Results: Vision-related quality-of-life measures increased for general and peripheral vision, and near and distance activities, improving by 16–25 points 3–12 months after transplantation in patients with atrophic age-related macular degeneration and 8–20 points in patients with Stargardt’s macular dystrophy.
Interpretation The results of this study provide the first evidence of the medium-term to long-term safety, graft survival, and possible biological activity of pluripotent stem cell progeny in individuals with any disease. The results suggest that hESC-derived cells could provide a potentially safe new source of cells for the treatment of various unmet medical disorders requiring tissue repair or replacement.
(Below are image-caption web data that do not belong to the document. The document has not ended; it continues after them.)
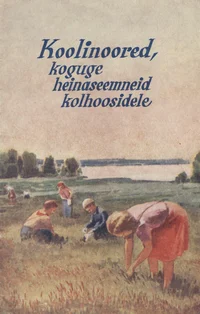 Koolinoored, koguge heinaseemneid kolhoosidele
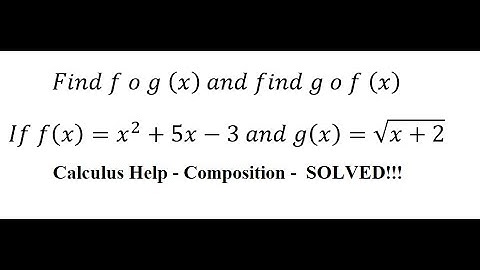 Calculus Help: Find f o g (x)  and find g o f (x)If f(x)=x^2+5x-3 and g(x)=√(x+2)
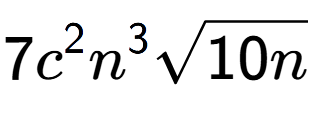 A LaTex expression showing 7{c} to the power of 2 {n} to the power of 3 square root of 10n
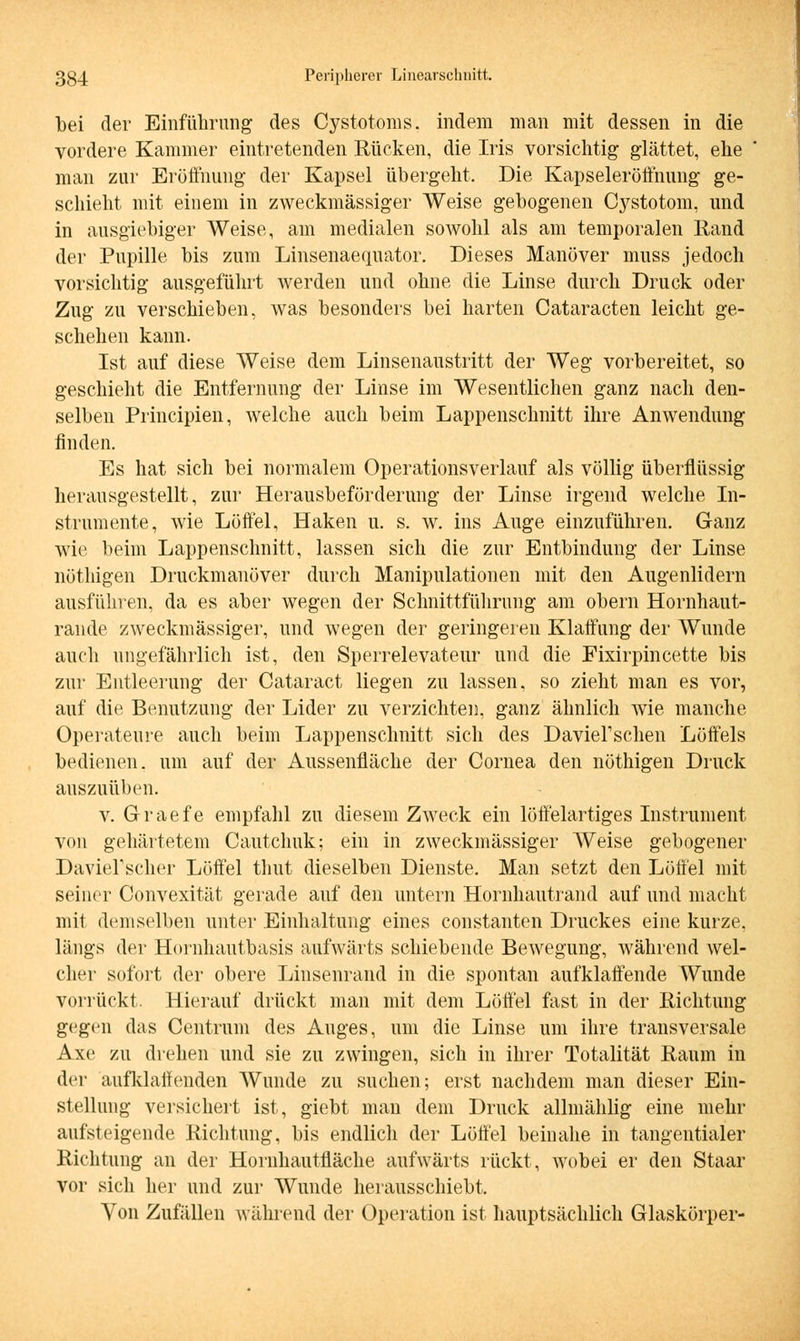 bei der Einführung des Cystotoms, indem man mit dessen in die vordere Kammer eintretenden Rücken, die Iris vorsichtig glättet, ehe man zur Eröffnung der Kapsel übergeht. Die Kapseleröffnung ge- schieht mit einem in zweckmässiger Weise gebogenen Cystotom, und in ausgiebiger Weise, am medialen sowohl als am temporalen Rand der Pupille bis zum Linsenaequator. Dieses Manöver muss jedoch vorsichtig ausgeführt werden und ohne die Linse durch Druck oder Zug zu verschieben, was besonders bei harten Cataracten leicht ge- schehen kann. Ist auf diese Weise dem Linsenaustritt der Weg vorbereitet, so geschieht die Entfernung der Linse im Wesentlichen ganz nach den- selben Principien, welche auch beim Lappenschnitt ihre Anwendung finden. Es hat sich bei normalem Operationsverlauf als völlig überflüssig herausgestellt, zur Herausbeförderung der Linse irgend welche In- strumente, wie Löffel, Haken u. s. w. ins Auge einzuführen. Ganz wie beim Lappenschnitt, lassen sich die zur Entbindung der Linse nötliigen Druckmanöver durch Manipulationen mit den Augenlidern ausführen, da es aber wegen der Schnittführung am obern Hornhaut- rande zweckmässiger, und wegen der geringeren Klaffung der Wunde auch ungefährlich ist, den Sperrelevateur und die Fixirpincette bis zur Entleerung der Cataract liegen zu lassen, so zieht man es vor, auf die Benutzung der Lider zu verzichte]], ganz ähnlich wie manche Operateure auch beim Lappenschnitt sich des Davierschen Löffels bedienen, um auf der Aussenfläche der Cornea den nöthigen Druck auszuüben. v. Graefe empfahl zu diesem Zweck ein löffelartiges Instrument von gehärtetem Cautchuk; ein in zweckmässiger Weise gebogener DavieFscher Löffel thut dieselben Dienste. Man setzt den Löffel mit seiner Convexität gerade auf den untern Hornhautrand auf und macht mit demselben unter Einhaltung eines constanten Druckes eine kurze, längs der Hornhautbasis aufwärts schiebende Bewegung, während wel- cher sofort der obere Linsenrand in die spontan aufklaffende Wunde vorrückt. Hierauf drückt man mit dem Löffel fast in der Richtung gegen das Centrum des Auges, um die Linse um ihre transversale Axe zu drehen und sie zu zwingen, sich in ihrer Totalität Raum in der aufklaffenden Wunde zu suchen; erst nachdem man dieser Ein- stellung versichert ist, giebt man dem Druck allmählig eine mehr aufsteigende Richtung, bis endlich der Löffel beinahe in tangentialer Richtung an der Hornhautfläche aufwärts rückt, wobei er den Staar vor sich her und zur Wunde herausschiebt. Von Zufällen während der Operation ist hauptsächlich Glaskörper-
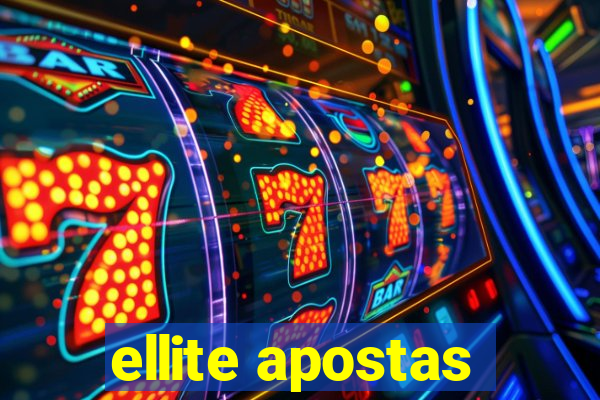 ellite apostas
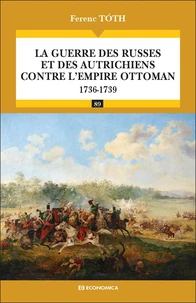 La guerre des Russes et des Autrichiens contre l'empire ottoman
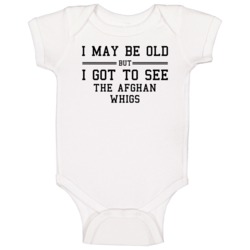 I May Be Old But I Got To See The Afghan Whigs Baby One Piece I May Be Old But I Got To See The Afghan Whigs Baby One Piece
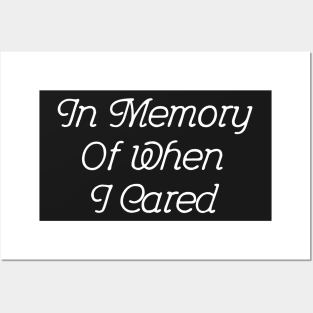 In Memory Of When I Cared #2 | Black Posters and Art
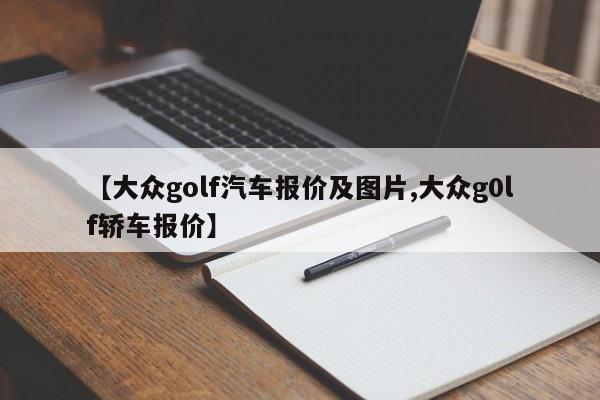 【大众golf汽车报价及图片,大众g0lf轿车报价】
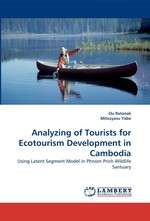Analyzing of Tourists for Ecotourism Development in Cambodia. Using Latent Segment Model in Phnom Prich Wildlife Santuary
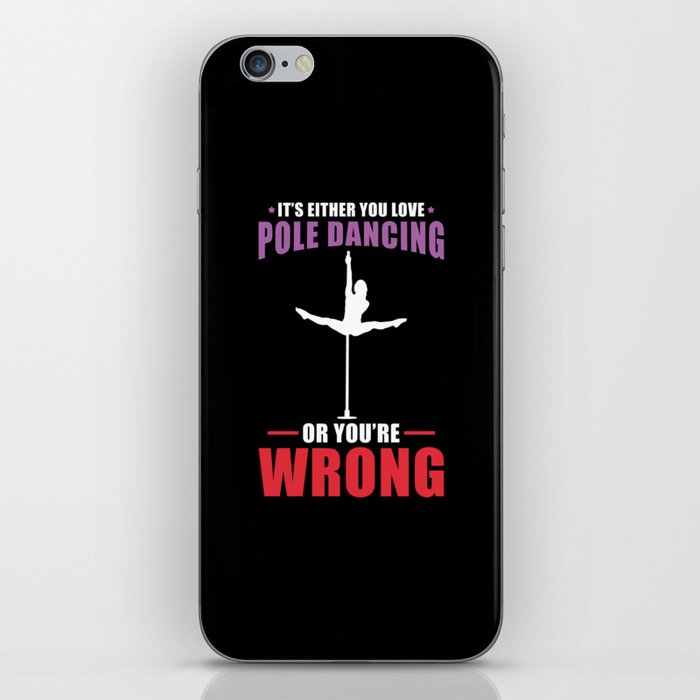 Its either your Love Pole Dancing or your Wrong iPhone Skin
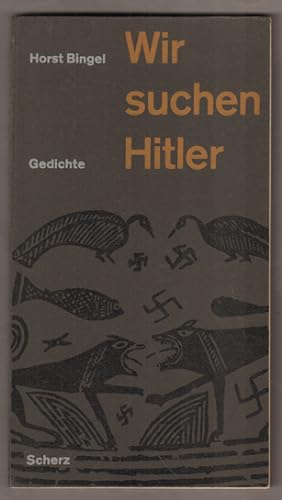 Bild des Verkufers fr Wir suchen Hitler. Gedichte. zum Verkauf von Antiquariat Neue Kritik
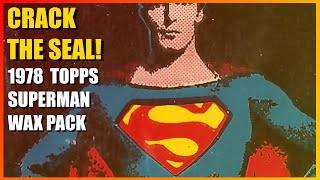 Crack The Seal!  46-year-old wax pack of Topps Superman :The Movie Trading Cards!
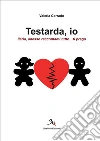 Testarda, Io. E-book. Formato EPUB ebook di Valeria Corrado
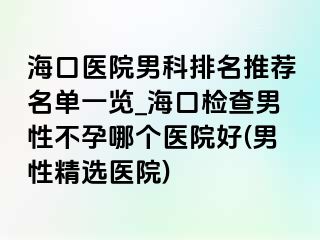 海口医院男科排名推荐名单一览_海口检查男性不孕哪个医院好(男性精选医院)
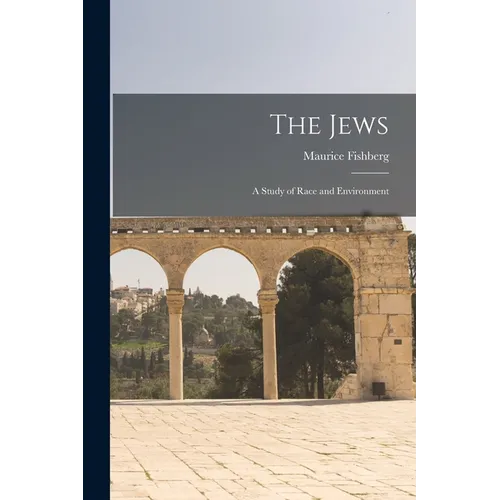 The Jews: A Study of Race and Environment - Paperback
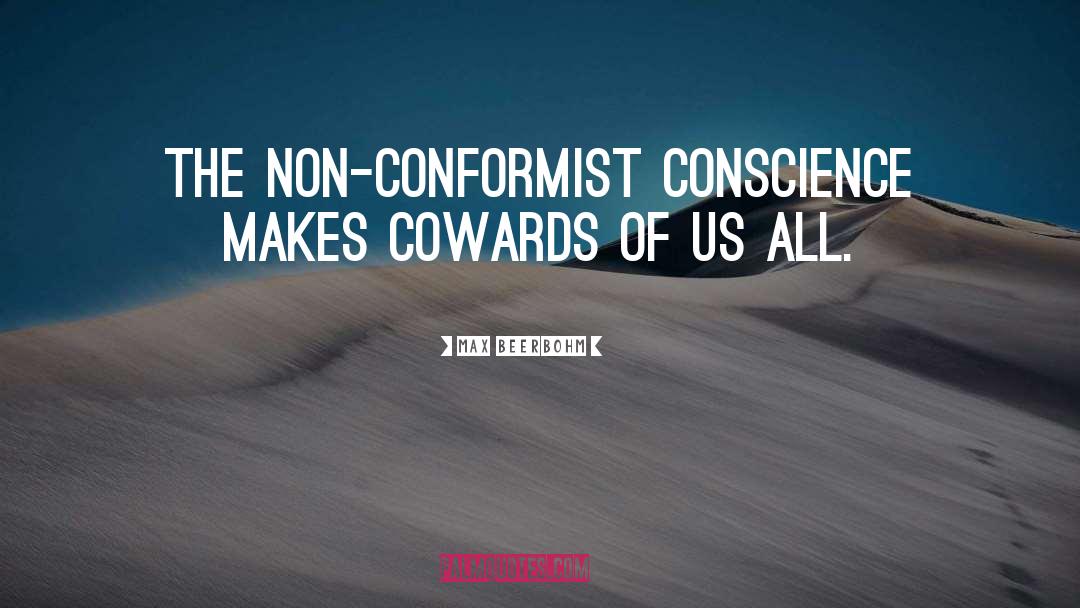 Non Conformist quotes by Max Beerbohm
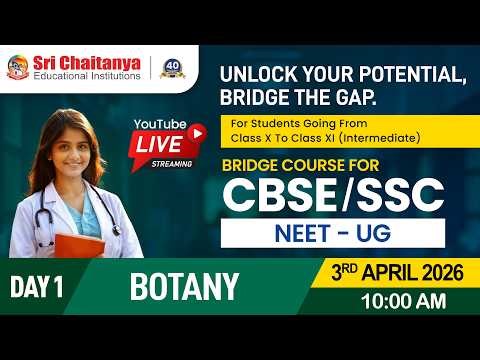 Day 1 - Botany || NEET - Bridge Course for CBSE & SSC Students || ‪@srichaitanyagosala‬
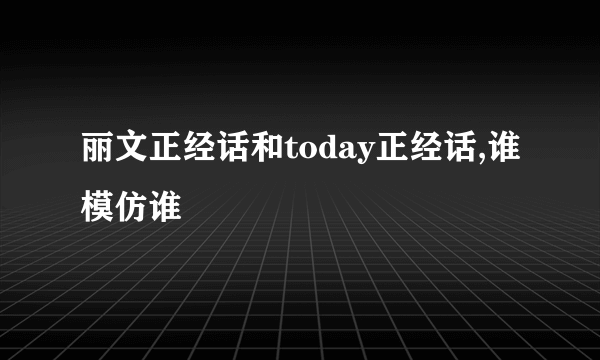 丽文正经话和today正经话,谁模仿谁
- Follow-up testing showed that 10 out of 18 treated eyes had substantial improvements in how well they could see, with 8 patients reading over 15 additional letters in the first year after transplant.
- Visual acuity remained the same or improved in seven patients, but decreased by more than 10 letters in one patient. Importantly, untreated eyes did not show similar visual improvements.
- The hESC-derived cells were well tolerated for up to 37 months after transplantation. No safety concerns (eg, hyperproliferation or rejection) in the treated eyes were detected during a median follow-up of 22 months. Adverse events were associated with vitreoretinal surgery and immunosuppression, but none were deemed to be related to the hESC-derived cells.